Jak przystało na Larę Croft, fabuła ociera się luźno o starożytne cywilizacje. Dostajemy nieco karkołomnie wymieszanych w jednym kociołku Majów, Tolteków i Azteków, ale pal sześć – nie takie rzeczy się w grach widziało. Pomocnikiem Lary zostaje liczący sobie"zaledwie" dwa tysiące lat wojownik imieniem Totec, który po krótkim kursie obsługi karabinu maszynowego radzi sobie z nim równie dobrze, jak z dzidą. Razem muszą powstrzymać złowrogiego Xolotla i odzyskać pradawny artefakt. Właśnie – "razem" jest bardzo ważnym słowem w przypadku tej gry, mocno bazującej na dwuosobowej zabawie kooperatywnej, choć przyjemnej również w rozgrywce dla jednego gracza.

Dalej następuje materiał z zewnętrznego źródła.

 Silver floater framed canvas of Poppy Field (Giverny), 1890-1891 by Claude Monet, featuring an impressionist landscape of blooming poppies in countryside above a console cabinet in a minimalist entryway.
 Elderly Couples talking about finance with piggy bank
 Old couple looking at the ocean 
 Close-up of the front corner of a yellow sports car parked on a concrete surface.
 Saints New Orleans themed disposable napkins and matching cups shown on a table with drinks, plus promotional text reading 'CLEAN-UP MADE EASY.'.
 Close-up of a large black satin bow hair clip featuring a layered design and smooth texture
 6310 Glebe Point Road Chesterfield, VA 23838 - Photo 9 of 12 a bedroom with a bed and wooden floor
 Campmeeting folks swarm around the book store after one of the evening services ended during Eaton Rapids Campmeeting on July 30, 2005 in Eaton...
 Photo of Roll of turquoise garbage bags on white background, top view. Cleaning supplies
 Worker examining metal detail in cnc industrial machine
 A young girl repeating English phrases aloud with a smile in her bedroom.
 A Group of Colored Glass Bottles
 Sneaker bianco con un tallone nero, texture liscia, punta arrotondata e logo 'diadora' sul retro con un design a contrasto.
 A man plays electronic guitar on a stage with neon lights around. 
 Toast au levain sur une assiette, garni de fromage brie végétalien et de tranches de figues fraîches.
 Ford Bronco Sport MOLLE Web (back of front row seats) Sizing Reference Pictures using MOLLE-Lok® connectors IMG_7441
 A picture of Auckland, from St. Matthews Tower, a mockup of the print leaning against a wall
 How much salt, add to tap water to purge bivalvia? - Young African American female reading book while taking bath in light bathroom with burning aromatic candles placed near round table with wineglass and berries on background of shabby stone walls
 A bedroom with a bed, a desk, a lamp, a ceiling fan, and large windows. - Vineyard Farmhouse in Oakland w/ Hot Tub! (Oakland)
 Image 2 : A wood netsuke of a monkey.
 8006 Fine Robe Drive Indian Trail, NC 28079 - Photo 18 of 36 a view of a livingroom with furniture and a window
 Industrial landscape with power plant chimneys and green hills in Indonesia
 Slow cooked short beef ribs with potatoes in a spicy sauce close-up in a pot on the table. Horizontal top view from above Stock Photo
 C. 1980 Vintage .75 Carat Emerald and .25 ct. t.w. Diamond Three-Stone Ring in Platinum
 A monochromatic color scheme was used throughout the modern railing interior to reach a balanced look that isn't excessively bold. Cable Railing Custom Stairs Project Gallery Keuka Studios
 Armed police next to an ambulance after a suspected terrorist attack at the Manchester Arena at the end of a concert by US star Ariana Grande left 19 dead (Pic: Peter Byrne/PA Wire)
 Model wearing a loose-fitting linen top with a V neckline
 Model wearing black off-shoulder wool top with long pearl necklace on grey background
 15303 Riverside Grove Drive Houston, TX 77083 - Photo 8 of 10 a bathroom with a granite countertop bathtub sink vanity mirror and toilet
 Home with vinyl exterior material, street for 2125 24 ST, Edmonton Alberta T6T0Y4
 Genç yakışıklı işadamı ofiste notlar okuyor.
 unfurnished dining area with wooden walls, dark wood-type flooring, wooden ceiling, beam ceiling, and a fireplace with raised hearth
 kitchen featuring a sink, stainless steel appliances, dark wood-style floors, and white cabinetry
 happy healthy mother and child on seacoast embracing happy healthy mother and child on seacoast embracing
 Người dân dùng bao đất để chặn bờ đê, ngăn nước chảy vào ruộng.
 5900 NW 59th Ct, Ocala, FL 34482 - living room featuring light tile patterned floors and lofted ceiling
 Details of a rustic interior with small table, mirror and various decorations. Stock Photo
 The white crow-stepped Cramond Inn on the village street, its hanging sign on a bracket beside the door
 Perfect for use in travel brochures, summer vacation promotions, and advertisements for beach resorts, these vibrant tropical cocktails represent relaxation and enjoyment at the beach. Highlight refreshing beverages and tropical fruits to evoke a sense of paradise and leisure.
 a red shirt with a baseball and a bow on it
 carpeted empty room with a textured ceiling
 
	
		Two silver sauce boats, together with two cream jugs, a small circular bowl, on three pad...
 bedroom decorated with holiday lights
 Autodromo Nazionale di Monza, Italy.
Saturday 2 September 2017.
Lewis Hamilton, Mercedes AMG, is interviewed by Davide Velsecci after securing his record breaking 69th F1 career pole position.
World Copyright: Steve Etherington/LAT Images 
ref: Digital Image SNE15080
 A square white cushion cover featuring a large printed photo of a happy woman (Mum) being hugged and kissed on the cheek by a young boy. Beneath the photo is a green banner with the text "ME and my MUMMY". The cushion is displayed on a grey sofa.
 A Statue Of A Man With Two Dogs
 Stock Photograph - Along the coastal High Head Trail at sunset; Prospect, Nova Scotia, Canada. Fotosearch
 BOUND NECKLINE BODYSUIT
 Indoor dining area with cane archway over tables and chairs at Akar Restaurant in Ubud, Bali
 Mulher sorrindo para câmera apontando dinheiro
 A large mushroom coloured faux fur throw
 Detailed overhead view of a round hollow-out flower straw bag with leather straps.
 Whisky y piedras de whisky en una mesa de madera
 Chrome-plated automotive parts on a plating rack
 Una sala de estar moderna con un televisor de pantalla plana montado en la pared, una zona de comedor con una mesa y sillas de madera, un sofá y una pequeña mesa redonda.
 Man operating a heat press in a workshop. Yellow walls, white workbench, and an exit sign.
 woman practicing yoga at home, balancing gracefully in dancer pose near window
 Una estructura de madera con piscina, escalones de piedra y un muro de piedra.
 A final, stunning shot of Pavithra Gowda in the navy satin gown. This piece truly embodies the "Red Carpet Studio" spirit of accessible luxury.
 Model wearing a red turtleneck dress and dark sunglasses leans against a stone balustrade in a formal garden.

W trybie dwuosobowym, dostępnym także online, gracze dzielą się rolami Lary i Toteca, zaś w rozgrywce jednoosobowej dostępna jest jedynie pani archeolog. Plansze w obydwu trybach są zasadniczo takie same, inny jest natomiast sposób ich przechodzenia i zupełnie inaczej należy rozwiązywać łamigłówki. W trybie co-op każde z bohaterów posiada własną umiejętność – Lara potrafi przerzucić i zahaczyć linę, po której nasz wojownik może przejść lub się wspiąć, on z kolei niesie tarczę zasłaniającą siebie i swą towarzyszkę przed strzałami oraz dzidy, które wbija w ściany tworząc dla Lary schody. Nieraz jedynie sprytna kombinacja umiejętności obu postaci umożliwia nam pokonanie danego odcinka planszy czy dostanie się do ukrytego artefaktu. Postaci świetnie się uzupełniają, a satysfakcja ze wspólnego pokonania trudnego fragmentu gry jest naprawdę spora. Natomiast w trybie jednoosobowym Lara posiada nie tylko linę, ale i dzidy, i musi sobie radzić sama. Co ciekawe, prowadzi to do znacznego uproszczenia łamigłówek, ponieważ ilość kombinacji możliwych ruchów znacznie się zmniejsza. Generalnie rzecz biorąc, mimo że rozgrywka jest bardzo przyjemna w trybie single, skrzydła rozwija dopiero w co-opie.


Zbieractwo i łamigłówki

Jak to bywa w grze platformowej, trochę czasu musimy poświęcić na zbieranie wszelkiego rodzaju dóbr. Na planszy czekają na nas różnorakie przedmioty podnoszące statystyki bohaterów – nowe bronie i artefakty (procentowo podnoszące nam chociażby zdrowie, "zbroję" czy prędkość). Przydatność niektórych bywa, moim zdaniem, mocno dyskusyjna – oczywiście miotacz płomieni czy granatnik zawsze cieszy, ale różnorakie artefakty, jakie możemy na siebie założyć, mają dość ograniczony wpływ na rozgrywkę. Ten element został potraktowany nieco po macoszemu – grę możemy przejść na samej broni, właściwie nie ekwipując artefaktów. Po co zatem je zbierać? Jedynie dla satysfakcji i trofeów. Nota bene gra oferuje własny system osiągnięć, niezależny od trofeów – każda plansza zawiera kilka różnorakich wyzwań, których spełnienie jest nagradzane specjalną bronią czy artefaktem. Uczciwie przyznam, że część z nich bywa zniechęcająco trudna, część zaś dostarcza sporo dobrej zabawy.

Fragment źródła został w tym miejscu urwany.